The escalator is powered by a 7.5 kW electric motor. (i) State the equation linking efficiency, useful energy output and total energy input. (ii) The escalator lifts 30 people each minute. Each person has a mass of 78 kg and is lifted a height of 5m. Calculate the efficiency of the escalator.

(i) The equation linking efficiency, useful energy output and total energy input is:

Efficiency = (Useful energy output / Total energy input) x 100%

(ii) To calculate the efficiency of the escalator, we first need to calculate the useful energy output and the total energy input.

Useful energy output can be calculated using the formula for gravitational potential energy, which is mass x gravity x height.

For one person, the useful energy output is 78 kg x 9.81 m/s² x 5 m = 3823.9 Joules.

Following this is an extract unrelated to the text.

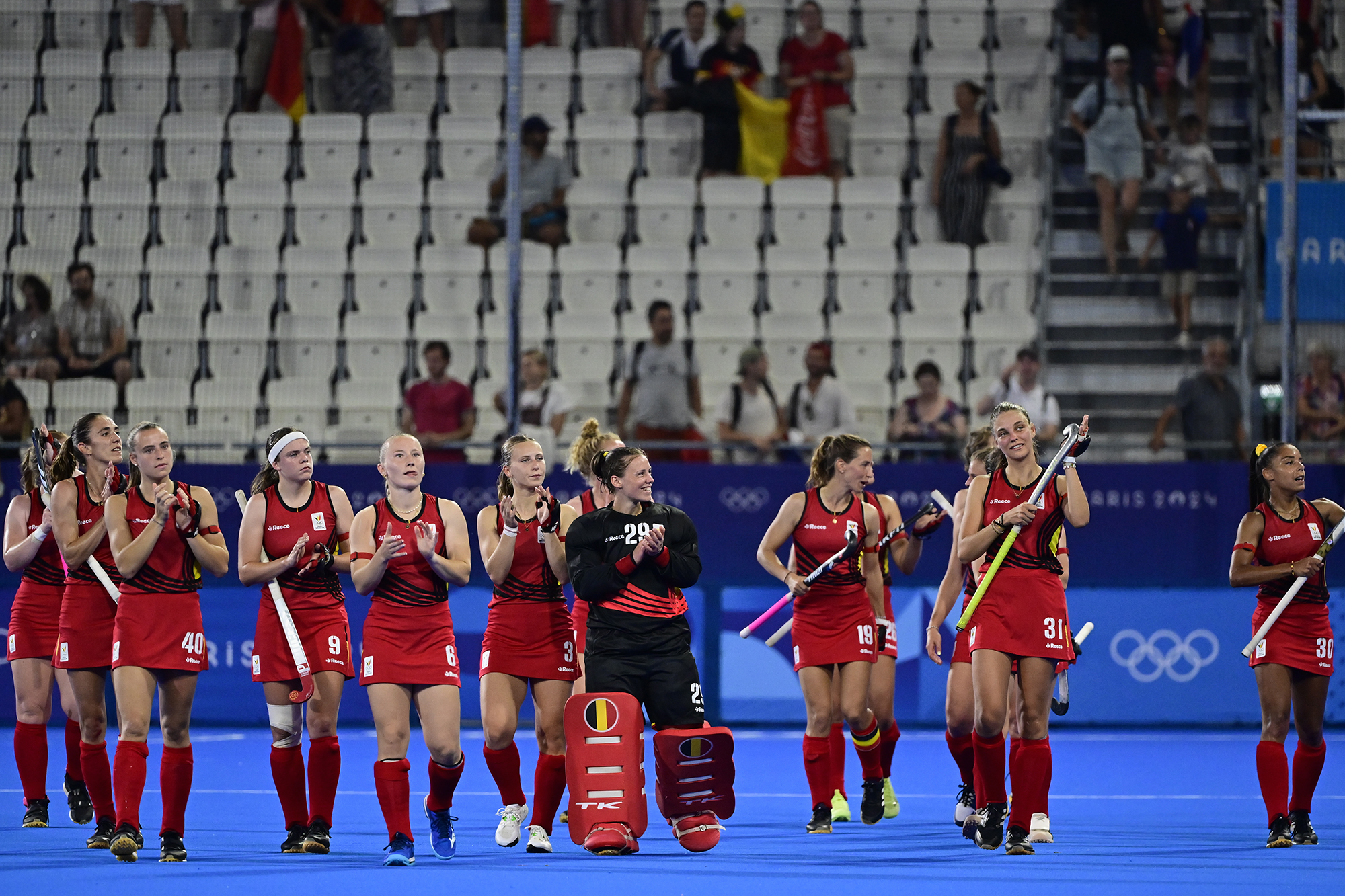 Die Red Panthers bejubeln ihren deutlichen 5:0-Sieg gegen Frankreich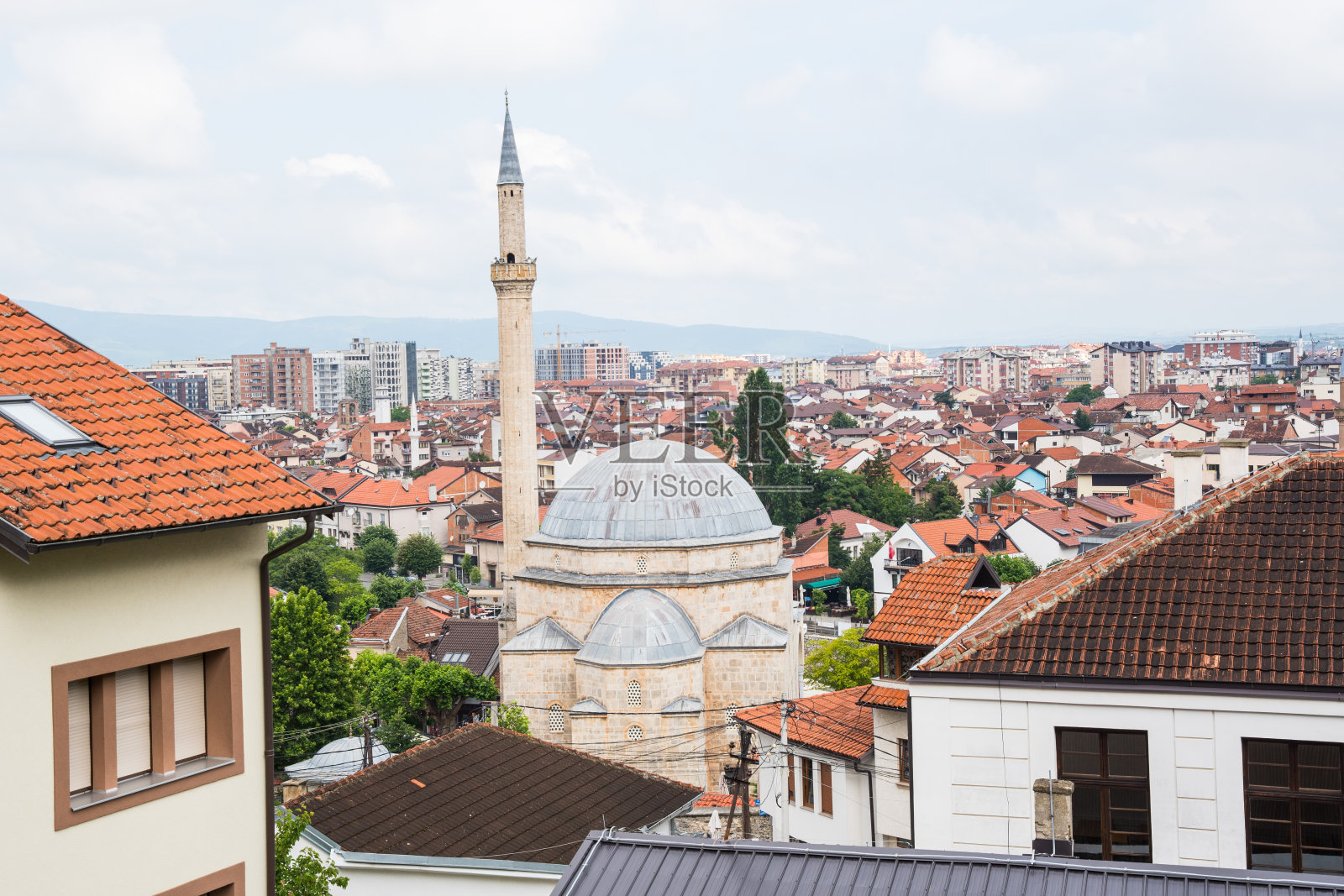 科索沃普里兹伦市的希南帕夏清真寺照片摄影图片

Since the escalator lifts 30 people each minute, the total useful energy output per minute is 30 x 3823.9 Joules = 114717 Joules.

The total energy input is the power of the motor times the time. Power is energy per unit time, so the energy input for one minute is 7.5 kW x 1 minute. However, we need to convert kW to W and minute to seconds to match the units of the useful energy output.

So, the total energy input is 7500 W x 60 s = 450000 Joules.

Now we can calculate the efficiency using the formula:

Efficiency = (Useful energy output / Total energy input) x 100%

Efficiency = (114717 Joules / 450000 Joules) x 100% = 25.49%

So, the efficiency of the escalator is approximately 25.49%.